Leonardo Giardin de Souza
Promotor de Justiça e escritor
Publicado em Opinião & Crítica
11 Abril 2020
Num quadro crescente de anarquia aparente, caos, fragmentação e obscuridade agravado por uma providencial pandemia, uma pergunta desvela o anseio pela restauração da unidade perdida: quem, a essas alturas, nos governa?
Dizem que o poder é doce, e quem quer que o experimente incorre no risco de um deleitoso quadro de diabete emocional. Há quem jure que a coisa causa dependência de tal monta que maconha, crack, cocaína e até o famigerado glúten, comparados a ela, ficam reduzidos a resfriadinhos aos pés da peste negra. Em tempos de pandemia, medo e isolamento, parece que a bravata nietszcheana da proclamação da morte de Deus assume ares de fato consumado.
Não é mais a verdade que liberta, não é mais a mentira que escraviza. As questões de liberdade e servidão, verdade e falsidade, conhecimento e ignorância, dependem agora do aparato político-burocrático – uma recomendação da OMS, uma palavra do ministro, um decreto do governador, uma rebelião do prefeito, um pronunciamento presidencial ou uma insurreição do barbeiro. Toda a população aguarda algum sinal dessas sumidades como se esperasse a segunda vinda do Messias.
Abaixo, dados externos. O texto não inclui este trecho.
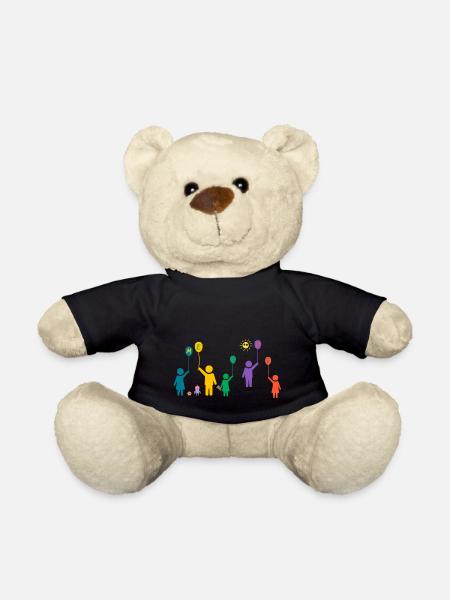 Merde! - Kinder - Teddy - Schwarz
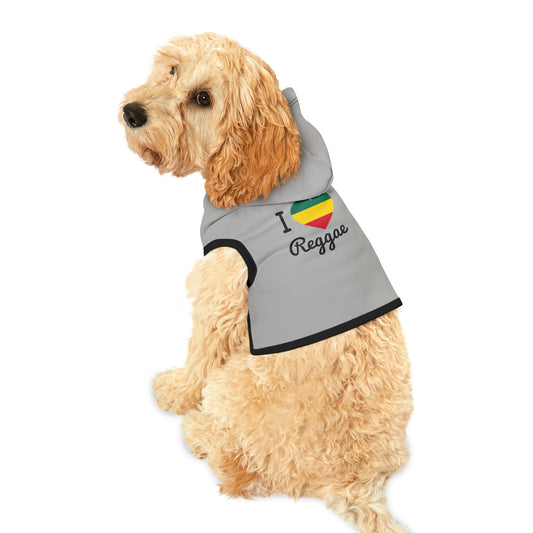 I Love Reggae Pet Hoodie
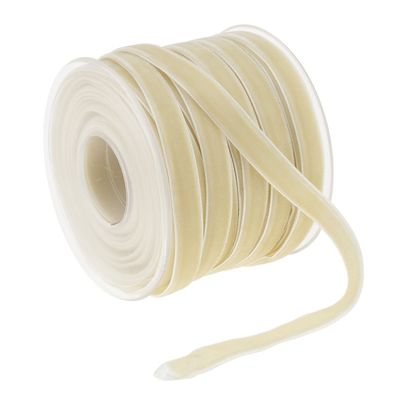 10mm*20Y Elastik Kadife Kurdele Pembe Kadife Kablolu Kurdele ISO9001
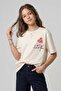 Cotton Text Printed Oversize Girls' T-Shirt - 2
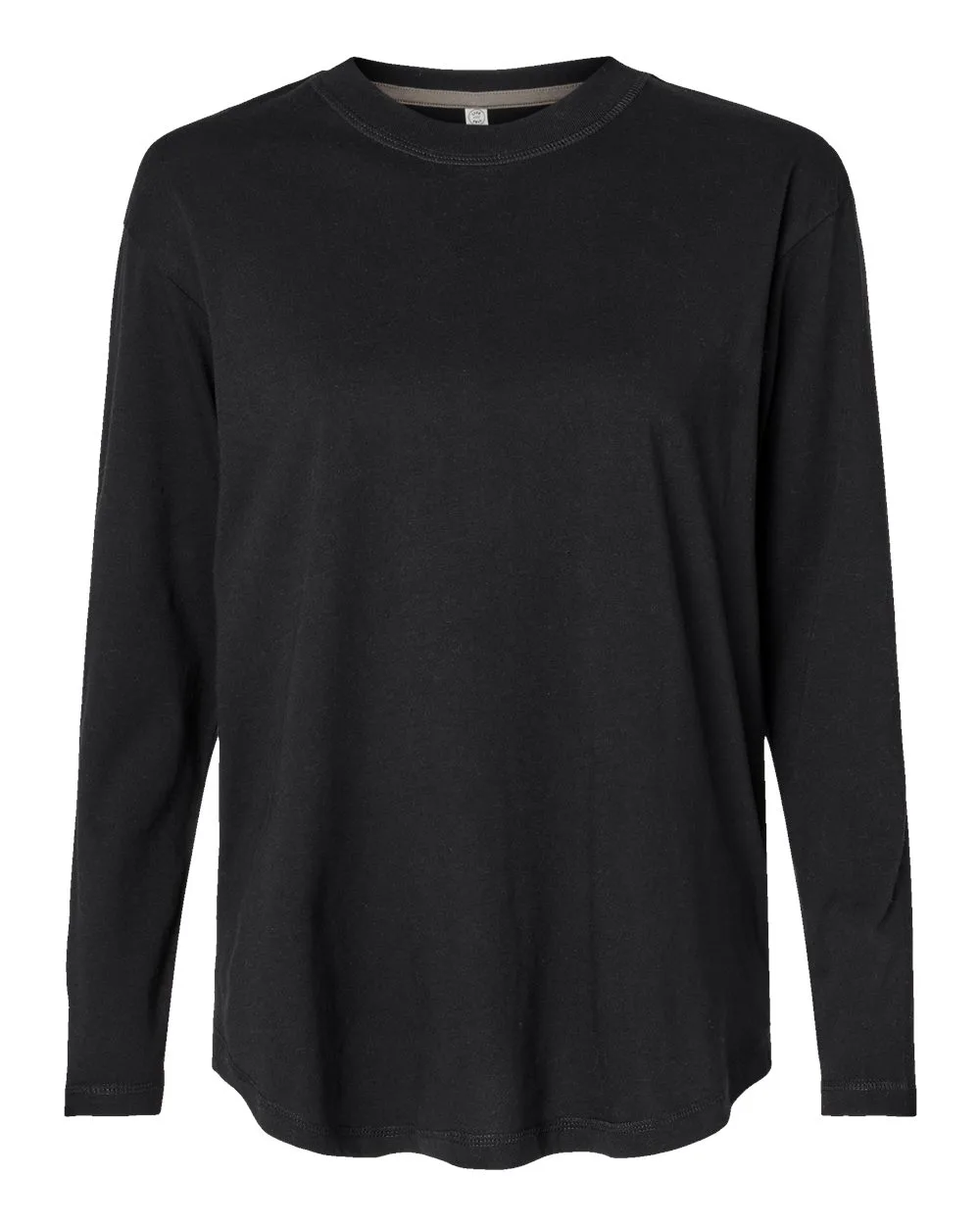 LAT 3508 Women's Fine Jersey Long Sleeve Tee — blank long sleeve tee, front view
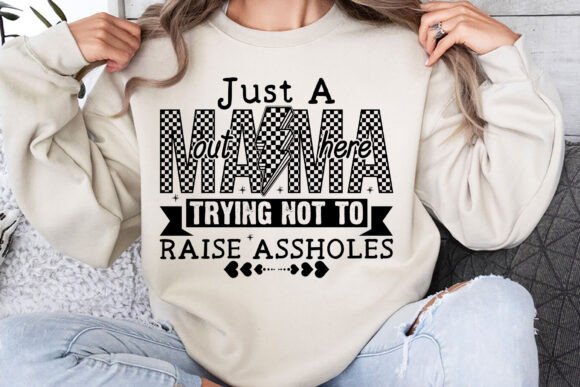 Mom Humor That Stitches Well: A Designer’s Take on Just a Mom out Here SVG, Funny Mom PNG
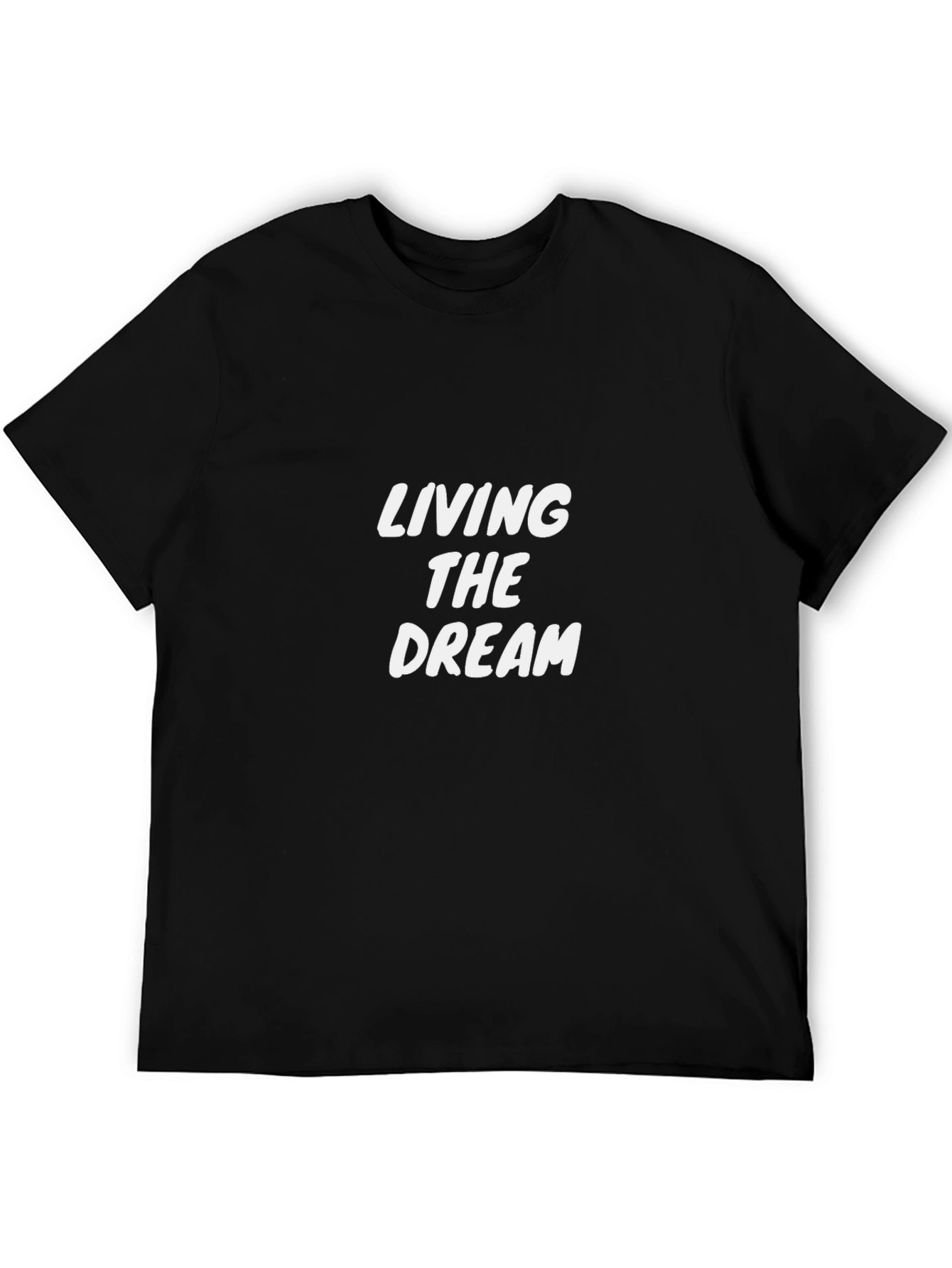 Living The Dream Graphic Tee - Black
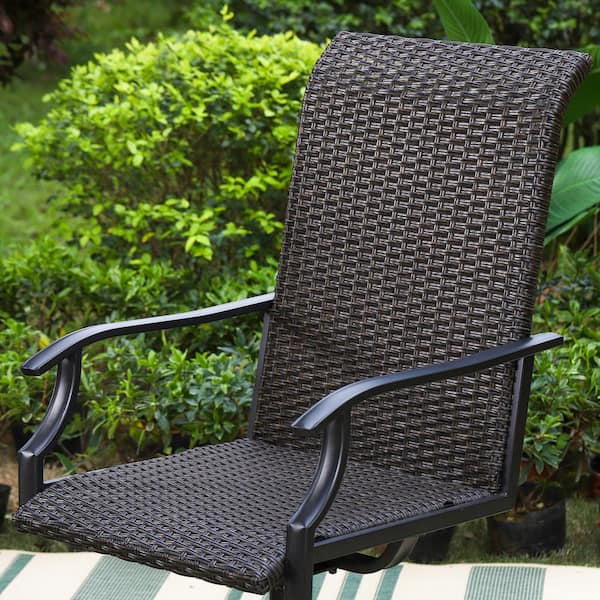 Tall swivel deals patio chairs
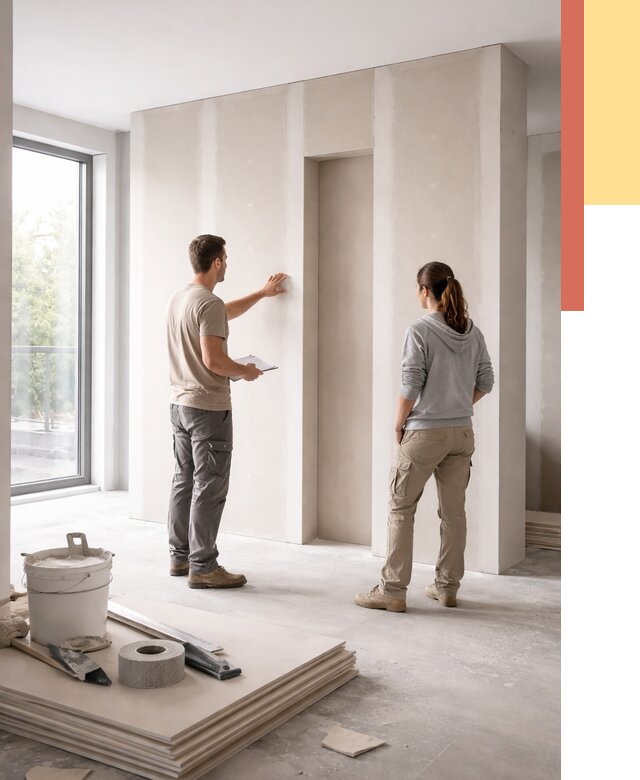 Зонирующая перегородка из гипсокартона в Смоленске от 2871 руб. под ключ | ОТДЕЛОЧНИК-Смл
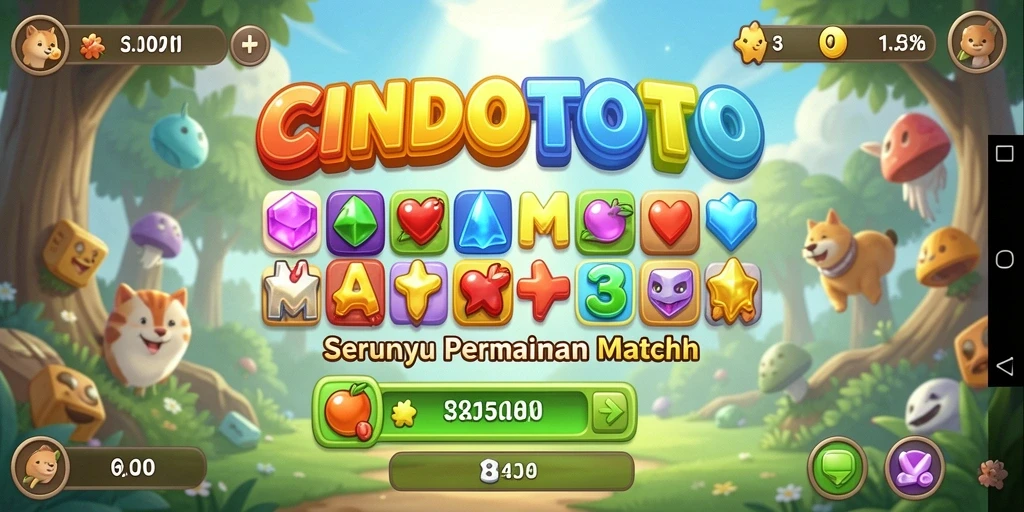 Tampilan gameplay seru permainan Match-3 CINDOTOTO.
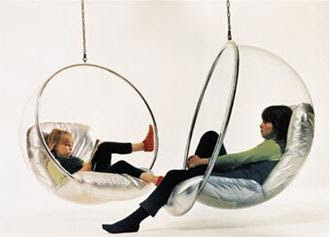 Hanging Bubble Chair 1968 Design of The Future by Aarnio Eero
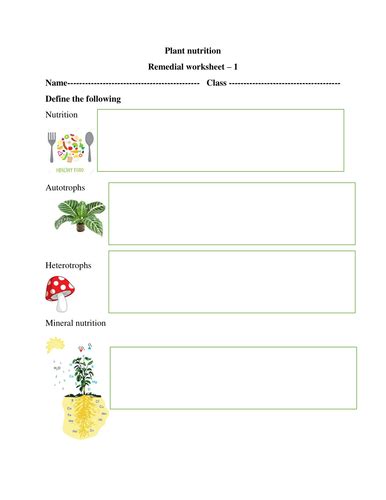 Plant Nutrition Teaching Resources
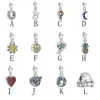 925 Livres Argent Nouvelle Mode Charme Série Cravate Bracelet Pendentif Accessoires Mignon Cactus Été Soleil Pendentif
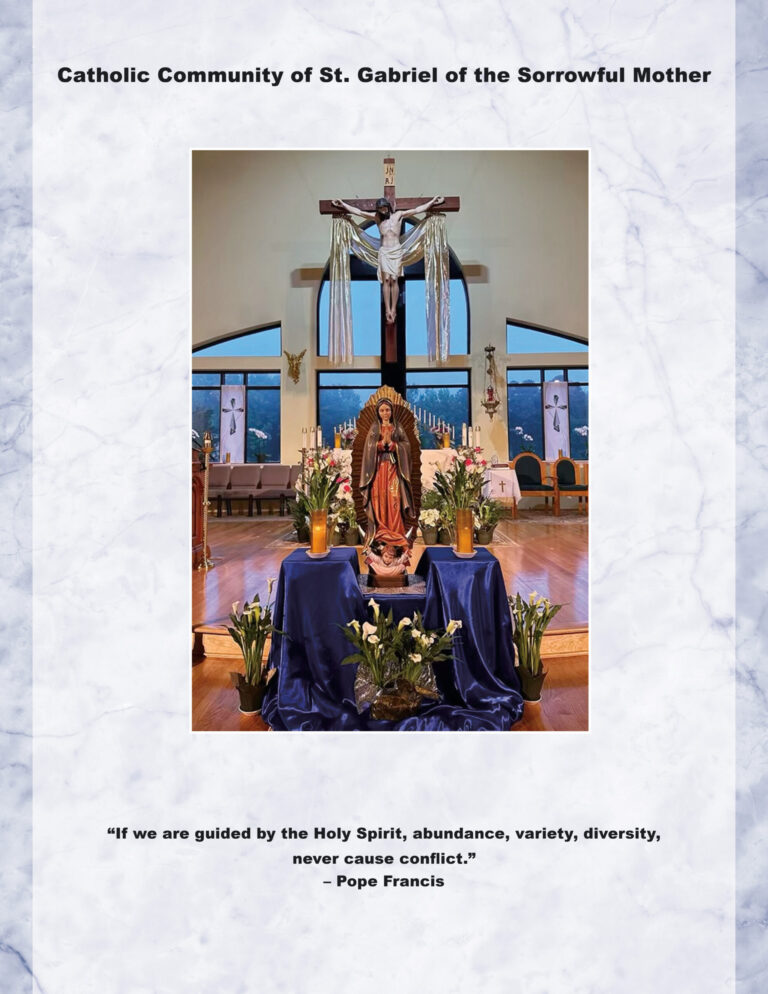 Church Directory for St Gabriel of The Sorrowful Mother Catholic Church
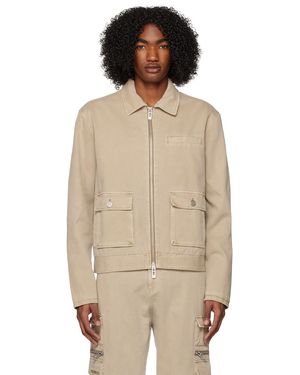 Han Kjobenhavn Tan Boxy Cargo Jacket - Natural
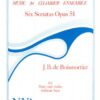 6 Sonatas for 2 flutes, Op.51 (Nova Music)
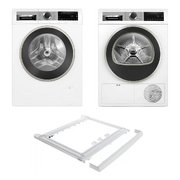 Bosch Serie 4 (стиральная машина WGA24400ME + сушильная машина WQG1420AME + монтажный элемент WTZ20410) Bosch Serie 4 (стиральная машина WGA24400ME + сушильная машина WQG1420AME + монтажный элемент WTZ20410)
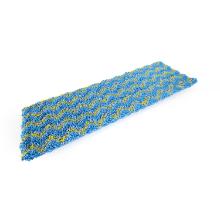Mop micofibre &agrave; languettes bleu et jaune EMR30 14 x 43,5 cm photo du produit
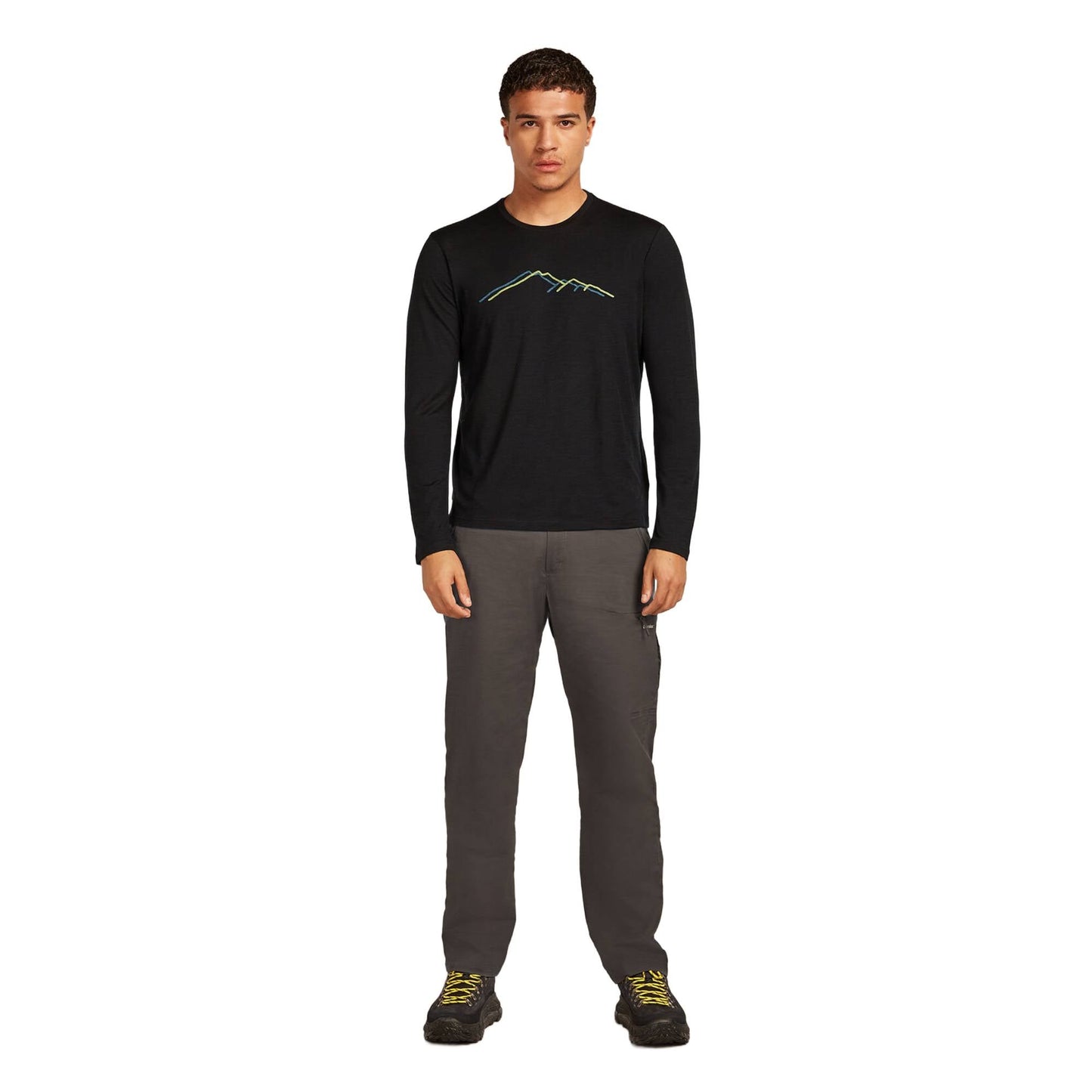 Icebreaker 150 Tech Lite Mens LS Tee GRX1 - Skiis & Biikes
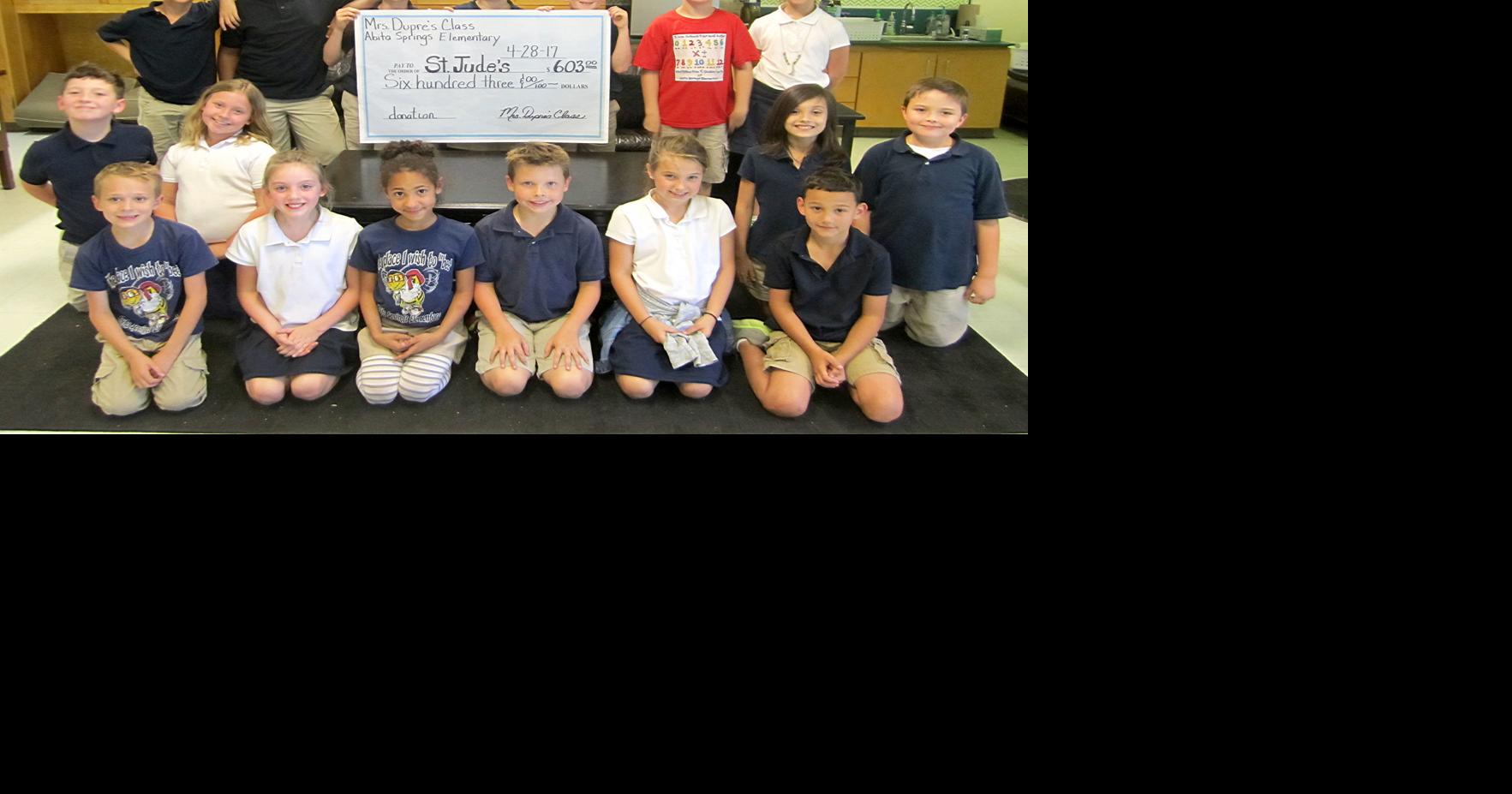 Abita Springs Elementary School thirdgraders support St. Jude hospital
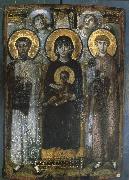 Throning Virgin with Child Between St. Theodorus and St. Joris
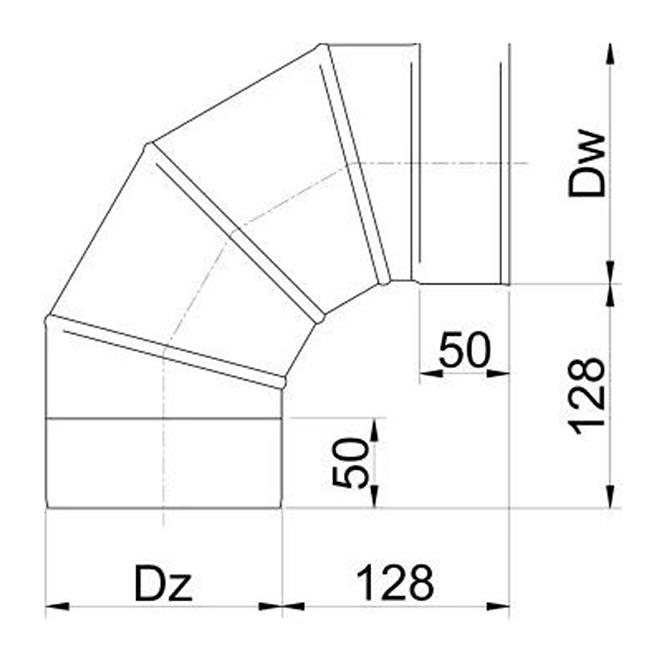 Koleno nastavitelné 90 100 DPOK07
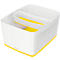Boîte de rangement Leitz MyBox, DIN A4, pour les ustensiles, blanc/jaune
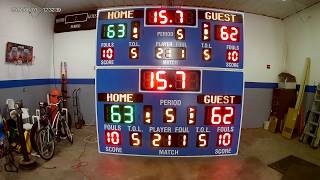 Daktronics Wireless Uniview LED Basketball Scoreboards For Sale On Ebay screenshot 2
Burocracia e política tornam-se depositários da esperança do advento de uma reconfortante sensação (ou impressão) da reafirmação da segurança perdida, descida dos céus dos organismos globais. É a fé em um poder terreno superior que o reles mortal supõe enxergar de modo um pouco mais nítido que o “inimigo invisível” que lhe serve de escada e agiganta.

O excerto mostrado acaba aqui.